THE TASK:
Below are the records; give again exactly the lines from the one containing "3pcs Fine Motor" through the one containing "counters - 212 S Albany St", leaving out pictures.

INPUT DATA:
○ ○ ○

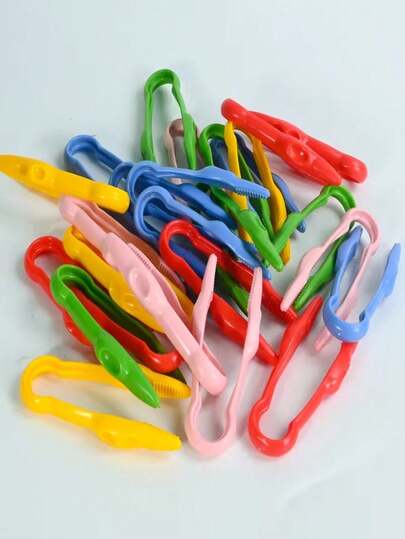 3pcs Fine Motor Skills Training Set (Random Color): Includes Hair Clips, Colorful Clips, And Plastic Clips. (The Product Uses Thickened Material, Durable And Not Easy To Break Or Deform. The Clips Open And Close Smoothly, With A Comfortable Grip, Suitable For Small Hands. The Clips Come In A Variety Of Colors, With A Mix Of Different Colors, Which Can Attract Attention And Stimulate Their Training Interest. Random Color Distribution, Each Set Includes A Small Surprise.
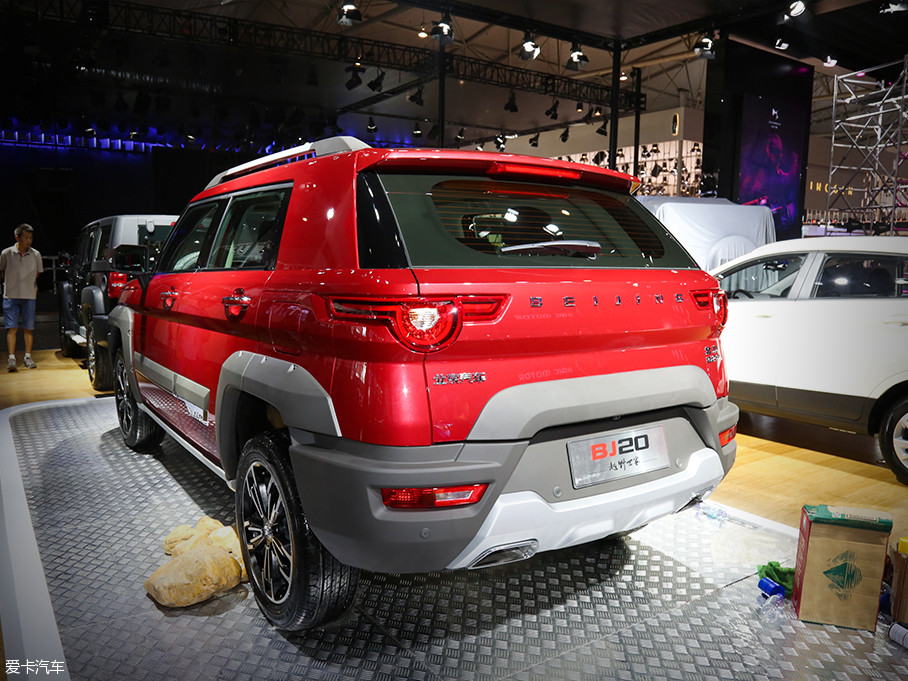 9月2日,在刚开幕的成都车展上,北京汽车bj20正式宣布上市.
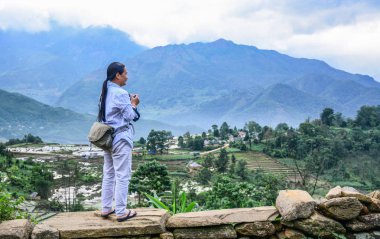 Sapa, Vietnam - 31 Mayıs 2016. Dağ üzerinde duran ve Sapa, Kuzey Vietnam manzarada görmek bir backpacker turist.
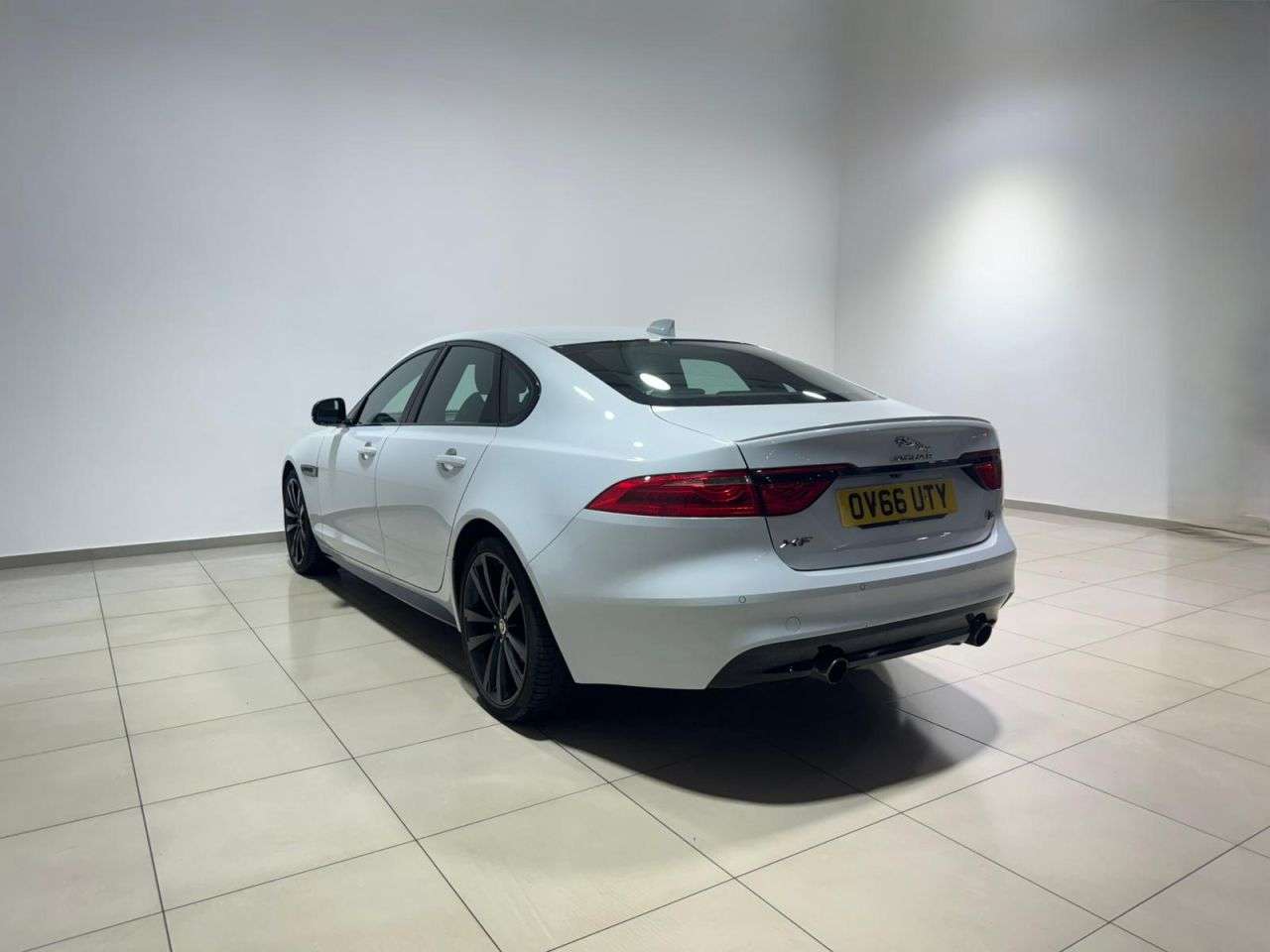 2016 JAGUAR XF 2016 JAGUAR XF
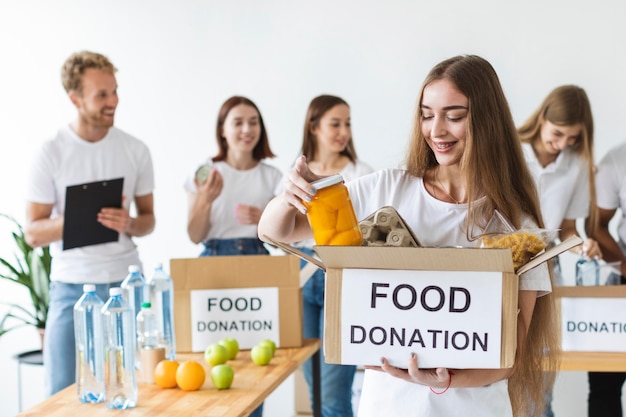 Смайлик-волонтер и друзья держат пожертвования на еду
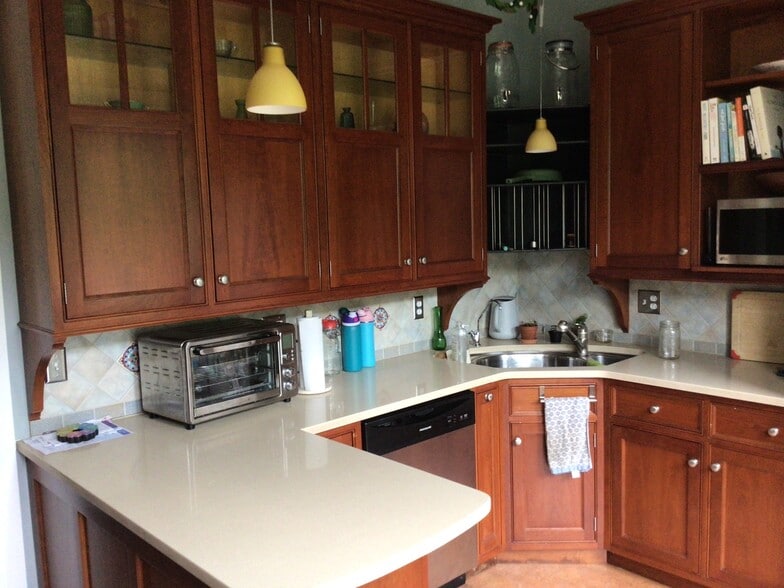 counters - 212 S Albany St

○ ○ ○

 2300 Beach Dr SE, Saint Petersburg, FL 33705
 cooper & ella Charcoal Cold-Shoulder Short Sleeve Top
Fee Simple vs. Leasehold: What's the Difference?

○ ○ ○

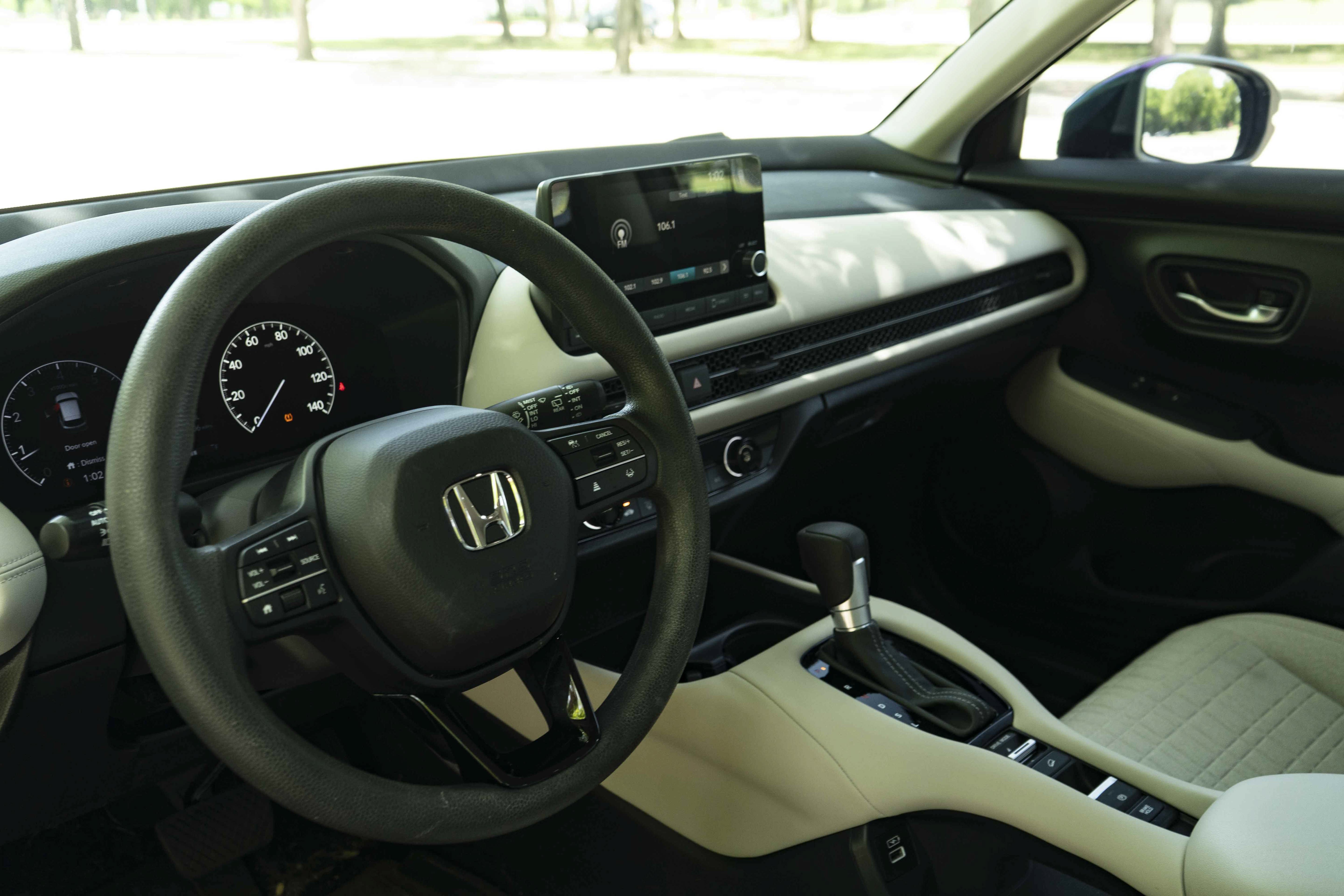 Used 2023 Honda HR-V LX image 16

○ ○ ○

TASK SOLUTION:
 3pcs Fine Motor Skills Training Set (Random Color): Includes Hair Clips, Colorful Clips, And Plastic Clips. (The Product Uses Thickened Material, Durable And Not Easy To Break Or Deform. The Clips Open And Close Smoothly, With A Comfortable Grip, Suitable For Small Hands. The Clips Come In A Variety Of Colors, With A Mix Of Different Colors, Which Can Attract Attention And Stimulate Their Training Interest. Random Color Distribution, Each Set Includes A Small Surprise.
 9月2日,在刚开幕的成都车展上,北京汽车bj20正式宣布上市.
 Sapa, Vietnam - 31 Mayıs 2016. Dağ üzerinde duran ve Sapa, Kuzey Vietnam manzarada görmek bir backpacker turist.
 2016 JAGUAR XF 2016 JAGUAR XF
 Смайлик-волонтер и друзья держат пожертвования на еду
 counters - 212 S Albany St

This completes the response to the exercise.